§ **What this task involves**:
Would you return the lines between the one holding "Nahrbtnik Converse 10020538-A01 001" and the one holding "564-bostonian-space-saver-ss-greensmart-gs-jpg", inclusive, and only those, exactly as they stand in the listing below?

§ **Data to examine**:
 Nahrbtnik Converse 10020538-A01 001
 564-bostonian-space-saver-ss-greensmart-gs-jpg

...

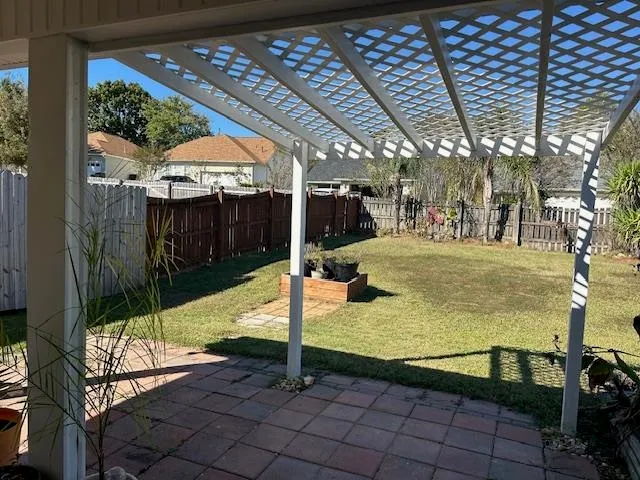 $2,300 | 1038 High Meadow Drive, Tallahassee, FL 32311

§ **Answer to this task**:
 Nahrbtnik Converse 10020538-A01 001
 564-bostonian-space-saver-ss-greensmart-gs-jpg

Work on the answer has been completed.